Exercise details:
Copy the entries below exactly; any picture among them should be left out.

Scraped caption text data:
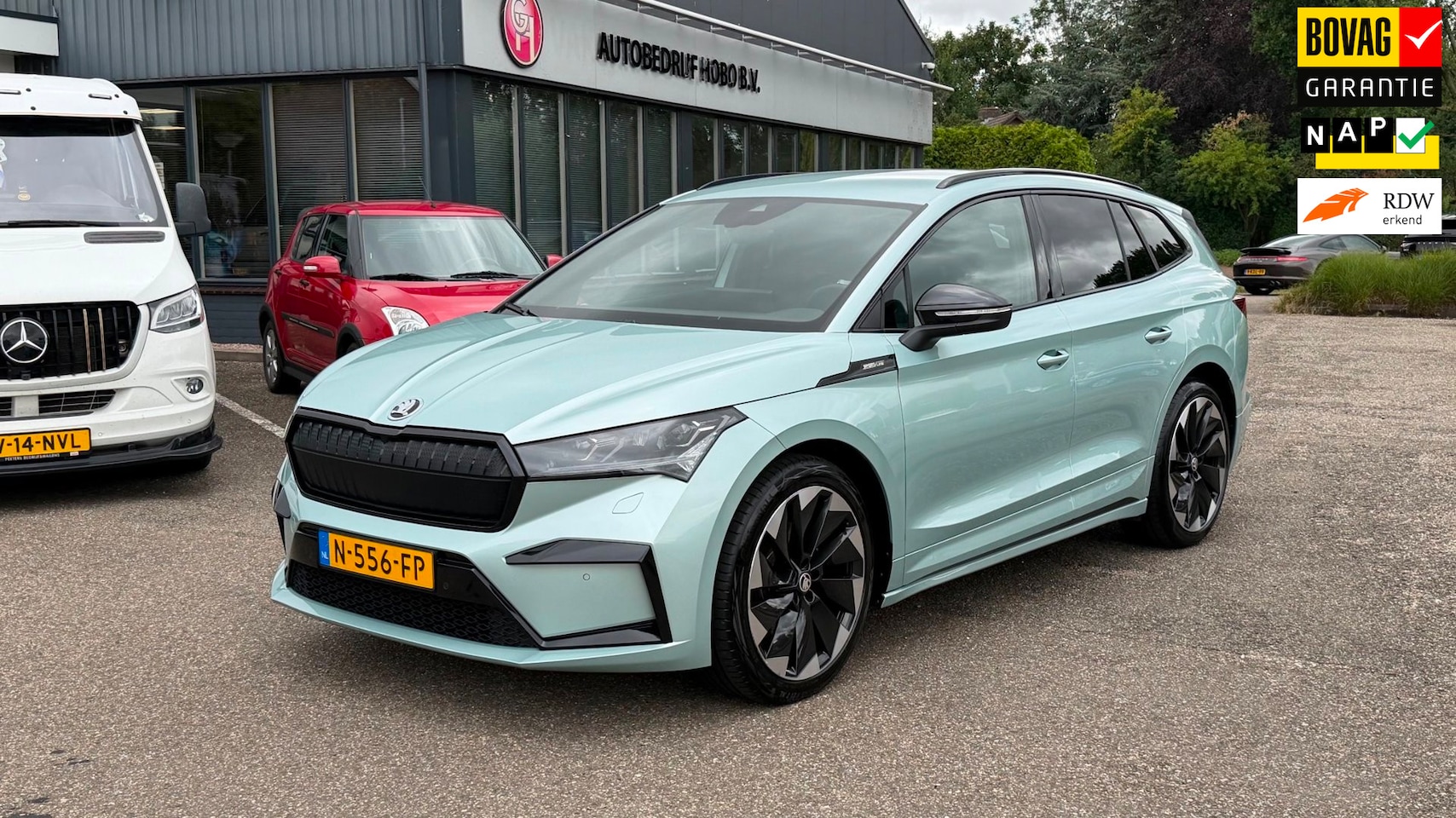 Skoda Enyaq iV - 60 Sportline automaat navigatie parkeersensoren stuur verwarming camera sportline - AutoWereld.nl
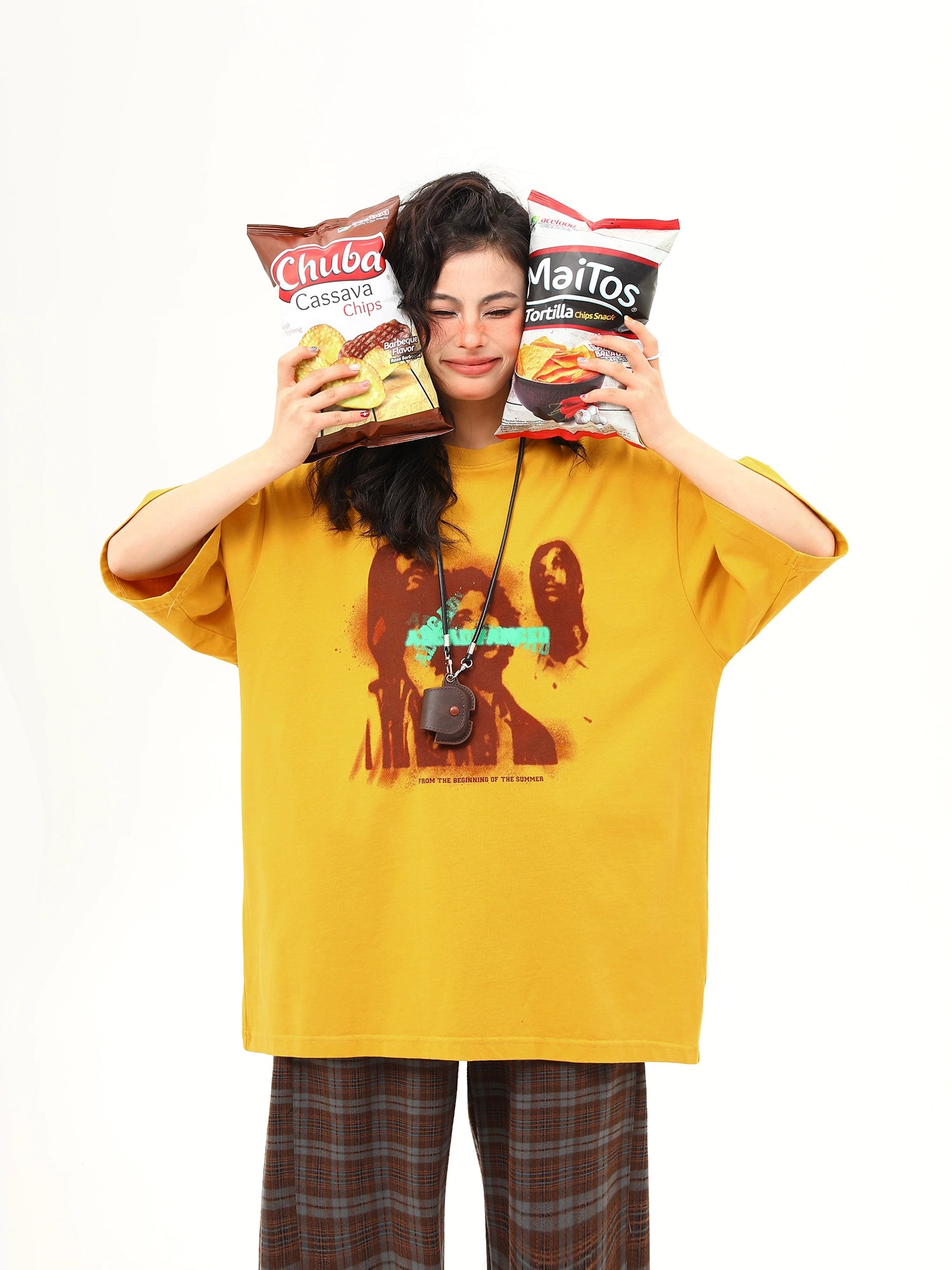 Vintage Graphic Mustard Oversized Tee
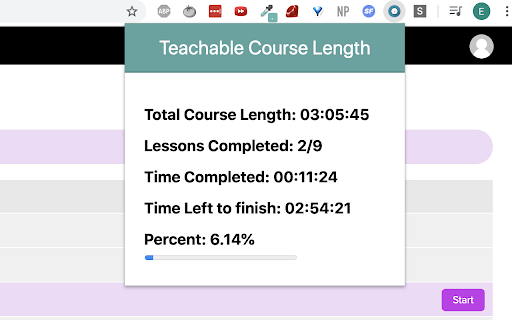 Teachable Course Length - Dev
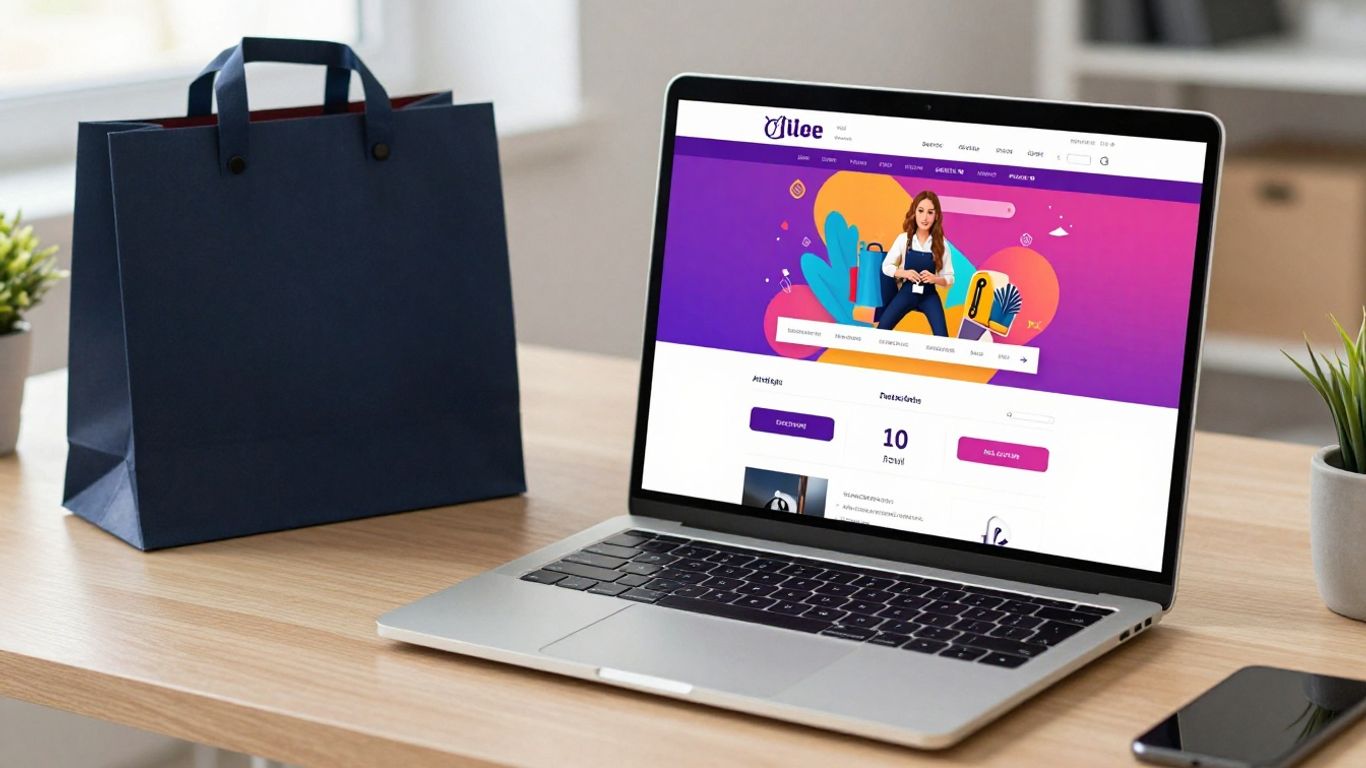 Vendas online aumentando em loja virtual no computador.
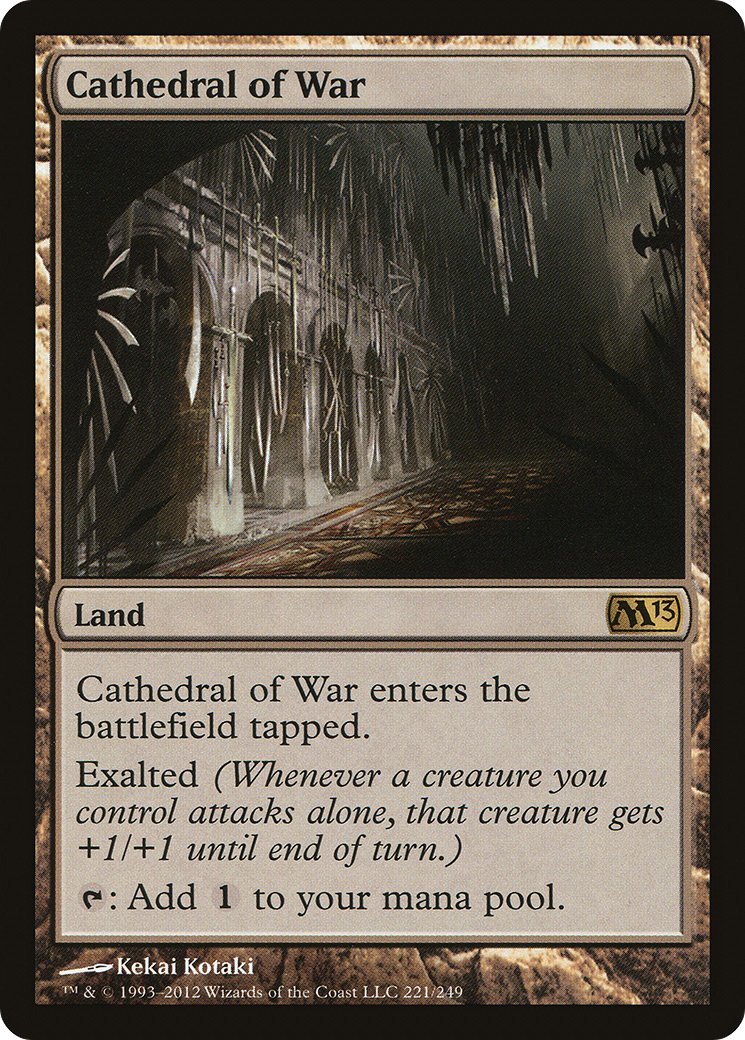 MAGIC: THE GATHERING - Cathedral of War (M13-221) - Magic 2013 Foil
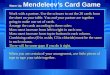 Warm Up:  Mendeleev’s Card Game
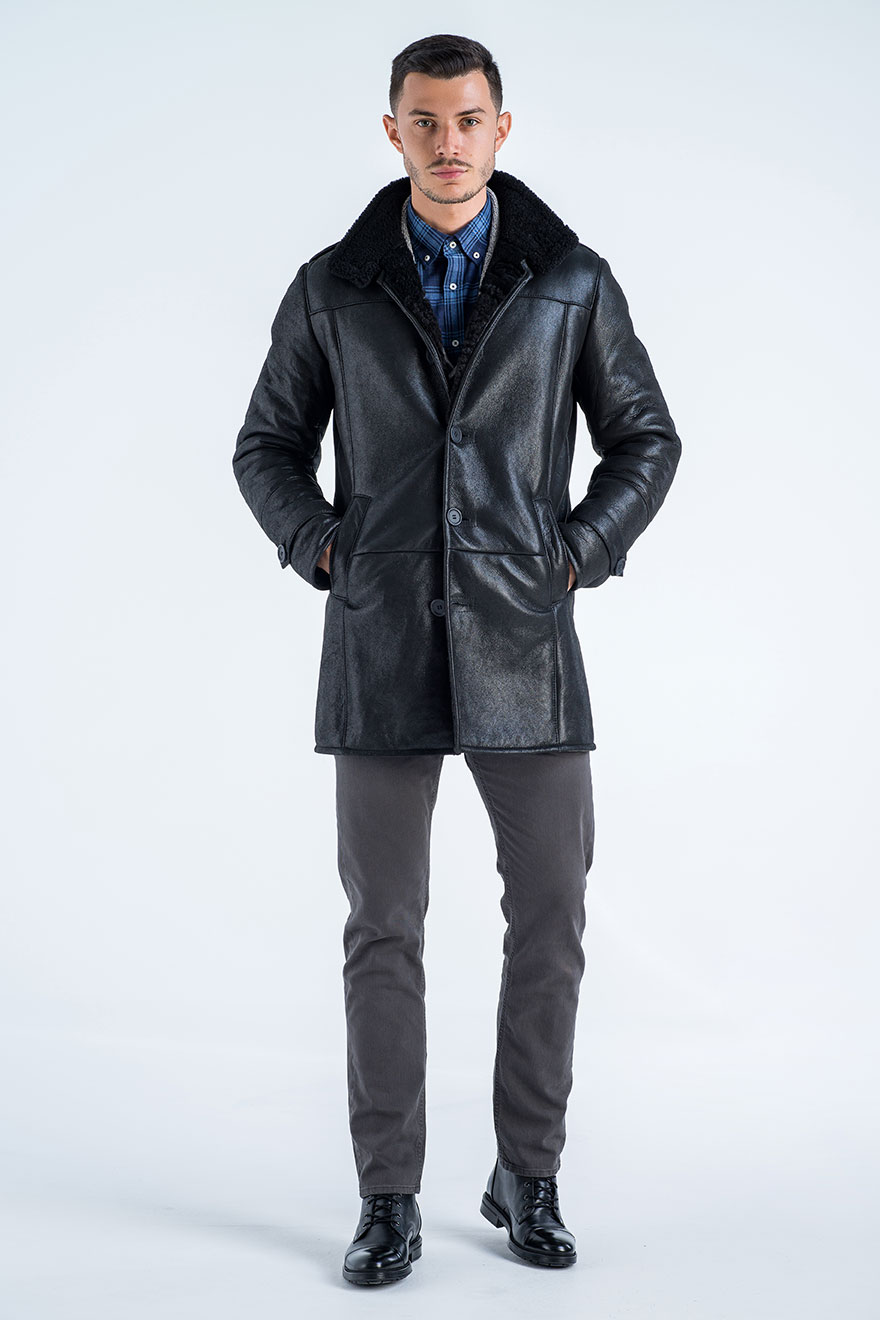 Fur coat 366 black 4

Result below:
 Skoda Enyaq iV - 60 Sportline automaat navigatie parkeersensoren stuur verwarming camera sportline - AutoWereld.nl
 Vintage Graphic Mustard Oversized Tee
 Teachable Course Length - Dev
 Vendas online aumentando em loja virtual no computador.
 MAGIC: THE GATHERING - Cathedral of War (M13-221) - Magic 2013 Foil
 Warm Up:  Mendeleev’s Card Game
 Fur coat 366 black 4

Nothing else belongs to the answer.